Nicotinic Acetylcholine Receptor-Mediated [3H]Dopamine Release from Hippocampus

Abstract

The mechanism of nicotinic acetylcholine receptor (nAChR)-induced hippocampal dopamine (DA) release was investigated using rat hippocampal slices. nAChRs involved in hippocampal DA and norepinephrine (NE) release were investigated using prototypical agonists and antagonists and several relatively novel compounds: ABT-594 [(R)-5-(2-azetidinylmethoxy)-2-chloropyridine], (+/-)-UB-165 [(2-chloro-5-pyridyl)-9-azabicyclo [4.2.1]non2-ene], and MG 624 [N,N,N-triethyl-2-[4-(2 phenylethenyl)phenoxy]-ethanaminium iodine]. (+/-)-Epibatidine, (+/-)-UB-165, anatoxin-a, ABT-594, (-)-nicotine, 1,1-dimethyl-4-phenyl-piperazinium iodide, and (-)-cytisine (in decreasing order of potency) evoked [(3)H]DA release in a mecamylamine-sensitive manner.

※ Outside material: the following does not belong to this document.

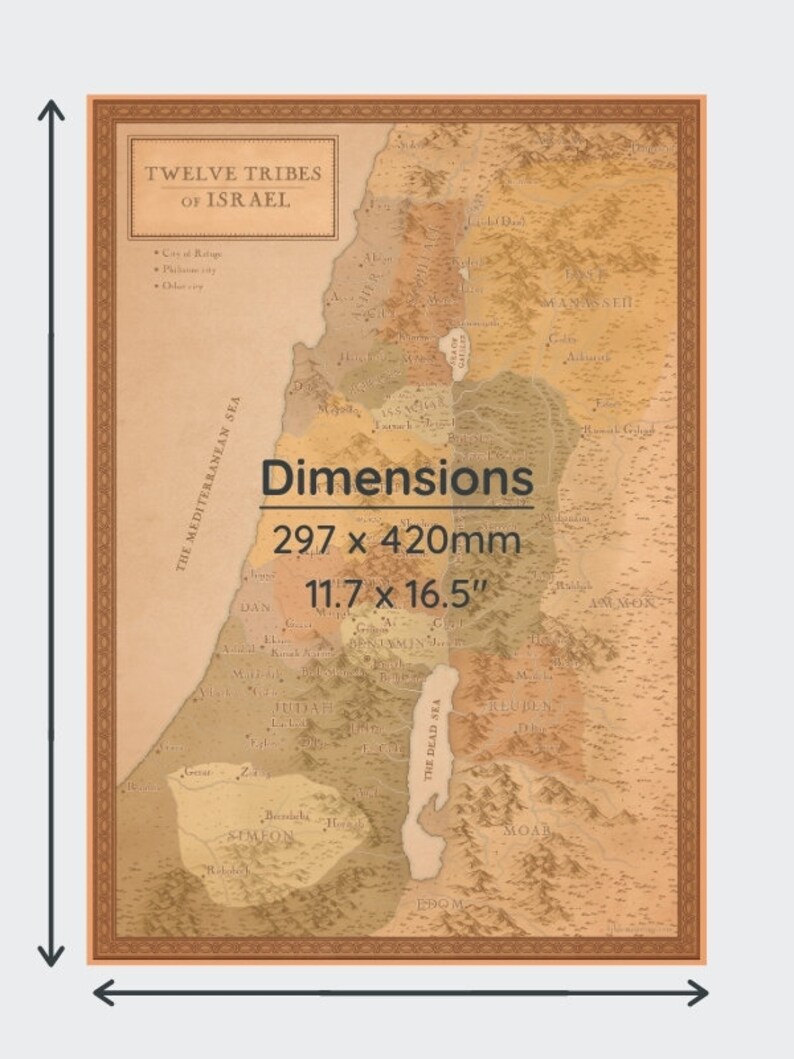 Bibel karte von Israel 12 Stämme Israels Zwölf Stämme Israel Etsy.de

Aside from (+/-)-UB-165, all the agonists displayed full efficacy relative to 100 microM (-)-nicotine in [(3)H]DA release. In contrast, (+/-)-UB-165 was a partial agonist, evoking 58% of 100 microM (-)-nicotine response. Mecamylamine, MG 624, hexamethonium, d-tubocurare, and dihydro-beta-erythroidine (in decreasing order of potency), but not alpha-conotoxin-MII, methyllycaconitine, alpha-conotoxin-ImI, or alpha-bungarotoxin, attenuated 100 microM (-)-nicotine-evoked [(3)H]DA release in a concentration-dependent manner. (+/-)-UB-165, ABT-594, and MG 624 exhibited different pharmacologic profiles in the [(3)H]NE release assay when compared with their effect on [(3)H]DA release. ABT-594 was 4.5-fold more potent, and (+/-)-UB-165 was a full agonist in contrast to its partial agonism in [(3)H]DA release. MG 624 potently and completely blocked NE release evoked by 100 microM (-)-nicotine and 10 microM (+/-)-UB-165, whereas it only partially inhibited (-)-nicotine-evoked [(3)H]DA release. In conclusion, we provide evidence that [(3)H]DA can be evoked from the hippocampus and that the pharmacologic profile for nAChR-evoked hippocampal [(3)H]DA release suggests the involvement of alpha3beta4(*) and at least one other nAChR subtype, thus distinguishing it from that of nAChR-evoked hippocampal [(3)H]NE release.